Distance-Redshift Relation in a Realistic Inhomogeneous Universe

TL;DR

This paper examines how inhomogeneities in the universe's mass distribution affect the distance-redshift relation, revealing deviations up to 10% and implications for dark energy measurements.

Contribution

It introduces a realistic inhomogeneous universe model based on the Sheth-Tormen mass function and connects it to the Dyer-Roeder distance, highlighting effects on cosmological parameter estimation.

Findings

Distance deviations up to 10% depending on halo mass cutoff.

The derived distance aligns with the Dyer-Roeder approximation using a calculated clumpiness parameter.
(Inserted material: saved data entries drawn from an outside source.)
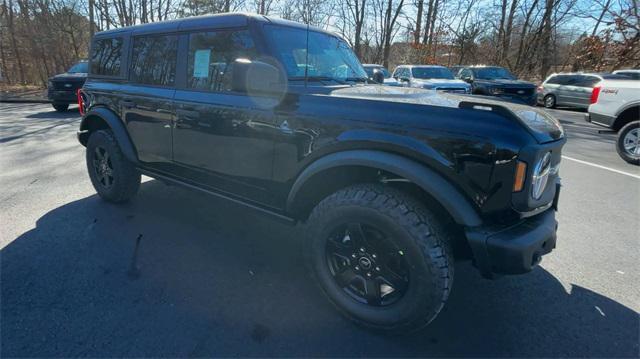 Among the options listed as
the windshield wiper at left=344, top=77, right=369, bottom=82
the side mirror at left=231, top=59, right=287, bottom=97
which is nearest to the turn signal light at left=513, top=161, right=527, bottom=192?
the side mirror at left=231, top=59, right=287, bottom=97

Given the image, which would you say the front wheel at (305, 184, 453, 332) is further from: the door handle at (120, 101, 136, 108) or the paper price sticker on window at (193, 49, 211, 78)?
the door handle at (120, 101, 136, 108)

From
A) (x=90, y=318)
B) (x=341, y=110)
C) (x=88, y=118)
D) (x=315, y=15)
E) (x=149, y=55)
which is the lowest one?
(x=90, y=318)

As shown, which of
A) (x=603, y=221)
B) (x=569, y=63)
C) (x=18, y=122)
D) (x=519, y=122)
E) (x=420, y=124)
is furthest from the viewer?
(x=569, y=63)

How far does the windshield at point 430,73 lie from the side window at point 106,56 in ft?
40.2

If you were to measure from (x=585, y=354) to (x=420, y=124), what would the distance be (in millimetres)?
1689

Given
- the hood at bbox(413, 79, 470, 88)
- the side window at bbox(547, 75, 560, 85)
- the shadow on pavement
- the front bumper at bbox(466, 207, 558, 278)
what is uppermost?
the side window at bbox(547, 75, 560, 85)

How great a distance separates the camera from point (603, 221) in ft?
13.8

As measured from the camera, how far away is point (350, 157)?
230 cm

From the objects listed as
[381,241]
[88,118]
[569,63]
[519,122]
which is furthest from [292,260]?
[569,63]

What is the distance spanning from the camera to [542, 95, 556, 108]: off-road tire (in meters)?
16.5

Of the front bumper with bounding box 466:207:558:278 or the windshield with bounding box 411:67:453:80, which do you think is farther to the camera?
the windshield with bounding box 411:67:453:80

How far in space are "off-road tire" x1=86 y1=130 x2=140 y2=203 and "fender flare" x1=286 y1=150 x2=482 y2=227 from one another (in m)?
2.72

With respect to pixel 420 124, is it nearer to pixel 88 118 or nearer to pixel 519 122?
pixel 519 122

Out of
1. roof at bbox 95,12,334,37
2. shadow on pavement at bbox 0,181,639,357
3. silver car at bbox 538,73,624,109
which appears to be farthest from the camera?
silver car at bbox 538,73,624,109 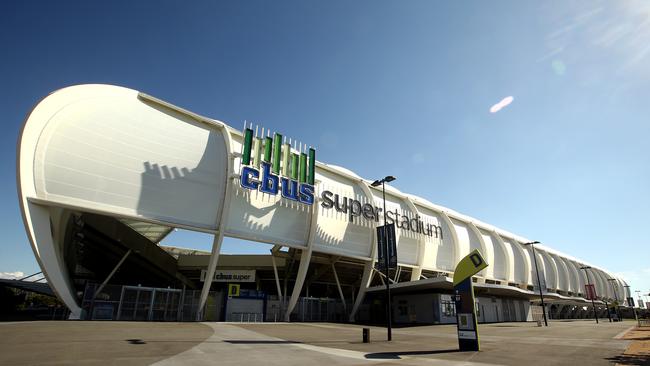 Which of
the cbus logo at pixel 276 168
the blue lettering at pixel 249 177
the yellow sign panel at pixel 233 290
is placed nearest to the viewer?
the blue lettering at pixel 249 177

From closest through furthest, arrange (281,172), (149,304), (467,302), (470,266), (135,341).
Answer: (135,341) → (470,266) → (467,302) → (149,304) → (281,172)

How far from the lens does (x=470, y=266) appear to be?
15.6 m

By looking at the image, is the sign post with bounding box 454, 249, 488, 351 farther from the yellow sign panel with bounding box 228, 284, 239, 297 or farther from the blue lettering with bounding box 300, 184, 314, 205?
the yellow sign panel with bounding box 228, 284, 239, 297

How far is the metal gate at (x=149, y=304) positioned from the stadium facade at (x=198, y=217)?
92mm

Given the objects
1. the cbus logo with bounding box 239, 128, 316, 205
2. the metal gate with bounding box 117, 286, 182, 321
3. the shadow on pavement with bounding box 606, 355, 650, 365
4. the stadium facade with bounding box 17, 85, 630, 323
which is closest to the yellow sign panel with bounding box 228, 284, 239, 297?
the stadium facade with bounding box 17, 85, 630, 323

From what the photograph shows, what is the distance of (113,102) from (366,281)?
32180 millimetres

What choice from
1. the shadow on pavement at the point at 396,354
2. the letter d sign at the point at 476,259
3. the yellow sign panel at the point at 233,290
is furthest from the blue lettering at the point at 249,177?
the letter d sign at the point at 476,259

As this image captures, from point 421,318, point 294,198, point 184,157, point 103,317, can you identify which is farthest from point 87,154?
point 421,318

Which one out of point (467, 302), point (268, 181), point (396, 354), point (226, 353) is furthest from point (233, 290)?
point (467, 302)

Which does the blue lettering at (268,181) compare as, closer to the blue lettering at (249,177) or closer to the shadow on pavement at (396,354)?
the blue lettering at (249,177)

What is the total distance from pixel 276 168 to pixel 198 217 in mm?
8847

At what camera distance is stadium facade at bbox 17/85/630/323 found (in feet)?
80.5

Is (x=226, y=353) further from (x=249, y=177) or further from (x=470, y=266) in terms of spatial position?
(x=249, y=177)

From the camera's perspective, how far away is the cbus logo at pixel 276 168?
1258 inches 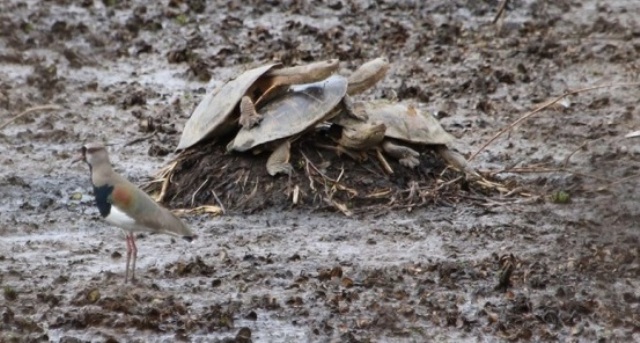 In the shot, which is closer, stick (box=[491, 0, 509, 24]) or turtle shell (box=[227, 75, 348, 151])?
turtle shell (box=[227, 75, 348, 151])

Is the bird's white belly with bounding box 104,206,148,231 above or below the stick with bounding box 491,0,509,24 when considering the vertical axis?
above

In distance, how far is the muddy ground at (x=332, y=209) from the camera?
825cm

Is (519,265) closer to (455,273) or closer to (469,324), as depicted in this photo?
(455,273)

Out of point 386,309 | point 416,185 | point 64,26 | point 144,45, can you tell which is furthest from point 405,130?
point 64,26

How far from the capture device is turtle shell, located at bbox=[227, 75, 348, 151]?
10.4 meters

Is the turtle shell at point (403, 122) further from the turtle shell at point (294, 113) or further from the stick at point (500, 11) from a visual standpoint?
the stick at point (500, 11)

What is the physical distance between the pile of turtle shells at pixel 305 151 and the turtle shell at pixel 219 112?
0.4 inches

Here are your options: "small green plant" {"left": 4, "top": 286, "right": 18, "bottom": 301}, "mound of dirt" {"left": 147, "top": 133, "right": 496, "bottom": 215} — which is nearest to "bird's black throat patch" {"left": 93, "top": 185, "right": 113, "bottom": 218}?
"small green plant" {"left": 4, "top": 286, "right": 18, "bottom": 301}

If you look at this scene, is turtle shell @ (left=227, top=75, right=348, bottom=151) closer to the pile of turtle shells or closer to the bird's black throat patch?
the pile of turtle shells

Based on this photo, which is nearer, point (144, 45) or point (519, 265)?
point (519, 265)

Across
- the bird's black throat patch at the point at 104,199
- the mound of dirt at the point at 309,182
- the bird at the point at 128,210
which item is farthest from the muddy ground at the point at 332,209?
the bird's black throat patch at the point at 104,199

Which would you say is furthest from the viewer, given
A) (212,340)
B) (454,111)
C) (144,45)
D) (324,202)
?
(144,45)

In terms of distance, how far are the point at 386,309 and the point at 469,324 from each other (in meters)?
0.49

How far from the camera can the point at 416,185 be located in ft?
34.8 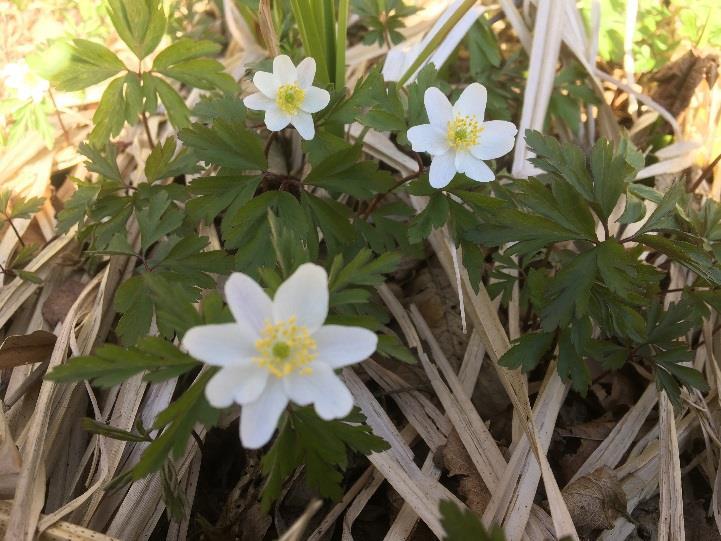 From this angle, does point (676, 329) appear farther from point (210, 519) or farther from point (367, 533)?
point (210, 519)

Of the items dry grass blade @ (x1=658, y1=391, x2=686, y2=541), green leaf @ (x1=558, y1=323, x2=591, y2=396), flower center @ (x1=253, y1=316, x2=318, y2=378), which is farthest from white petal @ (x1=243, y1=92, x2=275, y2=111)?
dry grass blade @ (x1=658, y1=391, x2=686, y2=541)


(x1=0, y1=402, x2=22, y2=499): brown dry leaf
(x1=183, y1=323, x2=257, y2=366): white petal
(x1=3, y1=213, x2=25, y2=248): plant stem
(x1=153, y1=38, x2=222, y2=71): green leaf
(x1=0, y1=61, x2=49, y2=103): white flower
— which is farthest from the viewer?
(x1=0, y1=61, x2=49, y2=103): white flower

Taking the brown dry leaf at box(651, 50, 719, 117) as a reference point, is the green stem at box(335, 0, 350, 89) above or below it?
above

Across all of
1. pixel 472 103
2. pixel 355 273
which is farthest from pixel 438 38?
pixel 355 273

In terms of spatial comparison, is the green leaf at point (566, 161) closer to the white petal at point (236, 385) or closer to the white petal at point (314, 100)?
the white petal at point (314, 100)

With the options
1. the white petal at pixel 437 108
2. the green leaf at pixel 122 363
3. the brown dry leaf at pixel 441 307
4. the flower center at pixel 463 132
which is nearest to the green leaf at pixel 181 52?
the white petal at pixel 437 108

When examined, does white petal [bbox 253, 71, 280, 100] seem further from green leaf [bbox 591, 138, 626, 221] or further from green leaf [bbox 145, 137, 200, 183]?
green leaf [bbox 591, 138, 626, 221]

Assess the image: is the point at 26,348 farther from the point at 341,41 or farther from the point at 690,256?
the point at 690,256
Inhomogeneities significantly impact dark energy parameter estimates from supernova data.

Abstract

We investigate the distance-redshift relation in a realistic inhomogeneous universe where the mass distribution is described by the mass function of Sheth and Tormen. It is found that the derived distance deviates systematically from the standard distance up to 10% depending on the choice of the lowest halo mass in which baryonic matter condensed to form luminous object such as galaxies. Remarkably the derived distance is well approximated by the Dyer-Roeder distance if we choose the clumpiness parameter \alpha calculated by our model.We also discuss the effect of inhomogeneities in the determination of dark energy parameter in the supernovae observation, and find that this effect must be taken into account for the future high redshift supernovae observation.